The labor market showed remarkable resilience in November, posting sharply higher job gains and solid upward revisions for the second consecutive month. The November report was boosted by the return of General Motors workers who were on strike in October. Nevertheless, job gains were widespread and job creation over the past few months appears significantly stronger than in the first half of the year. However, the pace of gain is still somewhat slower than the strong gains in 2018. Overall, the November report is a positive sign, suggesting support for consumer spending and continued economic expansion.
U.S. nonfarm payrolls added 266,000 jobs in November, after an increase of 156,000 new jobs in October and 193,000 in September. Over the past year, payrolls have expanded by 2.2 million or an average of 184,000 per month.
For the private sector, nonfarm payrolls added 254,000 in November following a gain of 163,000 in October and 183,000 in September (see chart). November private payrolls were boosted by the return of 46,000 workers who were on strike from GM. Over the past year, private payrolls have added 2.0 million workers or an average of 170,000 per month, a very solid pace of increase but below the 2018 average of 215,000 new private-sector employees per month (see chart).
Goods-producing industries added 48,000 jobs in November, led by a 44,000 gain in durable manufacturing, including the 46,000 at GM. Nondurable manufacturing added 10,000 while construction industries added 1,000. Mining and logging industries lost 7,000 jobs in November.
Within private service-producing industries, which typically account for the lion’s share of job creation, payrolls rose by 206,000 workers, led by a 60,000 gain in health care and social assistance. Leisure and hospitality industries added 45,000 while professional and business services posted a gain of 38,000 jobs.

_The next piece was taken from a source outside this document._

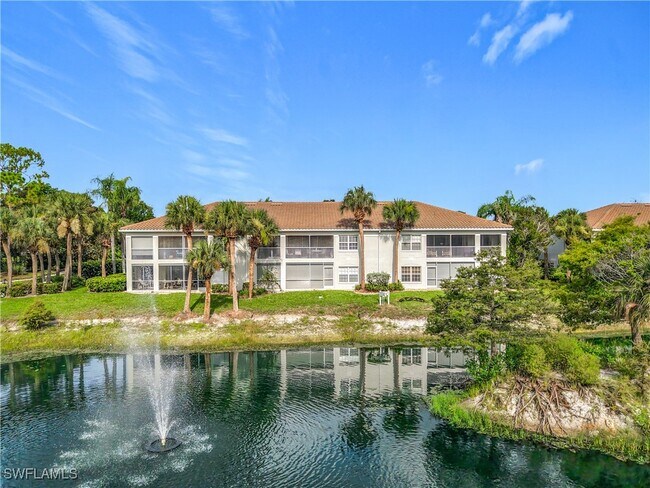 Building Photo - 6834 Lantana Bridge Rd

Transportation industries added 16,000 while financial services and information industries added 13,000 each and retail employment rose by 2,000.

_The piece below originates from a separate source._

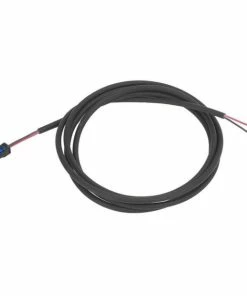 Câble Alimentation Bosch Pour Phare 200mm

Public sector employment rose by 12,000 in November after cutting 7,000 in October. Census hiring may add volatility to the public-sector numbers over the course of 2020.

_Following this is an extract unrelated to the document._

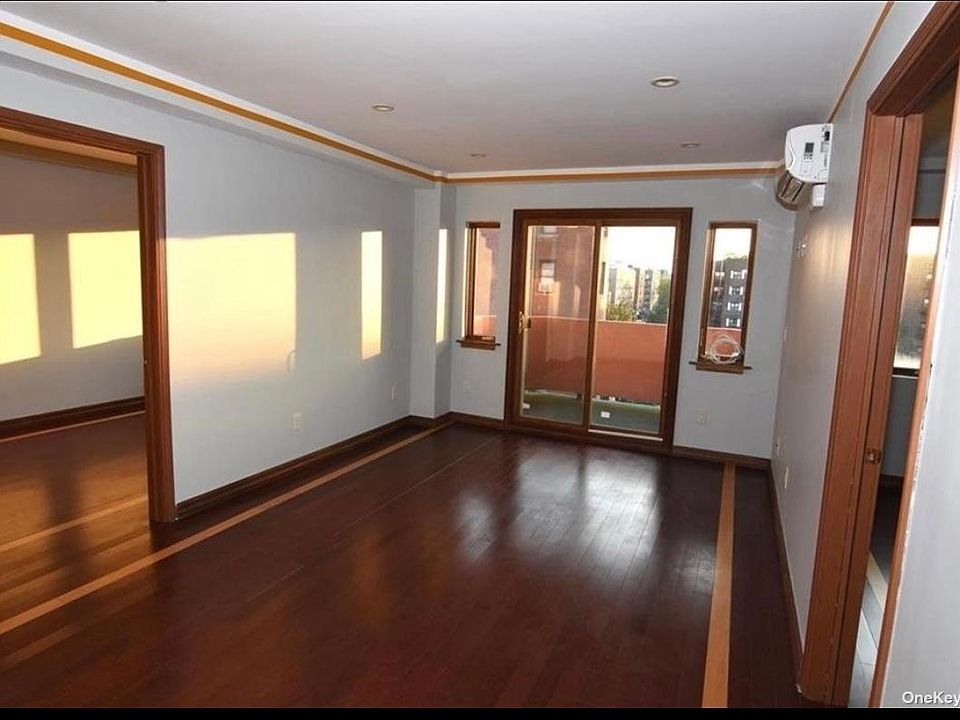 1st image of 1495 E 28th St #A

The unemployment rate ticked down to 3.5 percent, matching a 50-year low. The labor force participation rate fell 0.1 percentage point to 63.2 percent in November as 40,000 people joined the labor force.
Average hourly earnings rose 0.2 percent in November, pushing the 12-month change to 3.1 percent, down from a cycle peak of 3.4 percent in February (see chart). Average hourly earnings growth has been very slow compared to previous cycles, especially given the low unemployment rate, but has posted 12-month gains above 3 percent since mid-2018.
Combining payrolls with hourly earnings and hours worked, the index of aggregate weekly payrolls rose 0.4 percent in November and is up 4.8 percent from a year ago (see chart). This index is a good proxy for take-home pay and has posted relatively steady year-over-year gains in the 3 to 5 percent range since 2010. Continued gains in the aggregate-payrolls index are a positive sign for consumer income, and are likely to support consumer spending and continued economic expansion.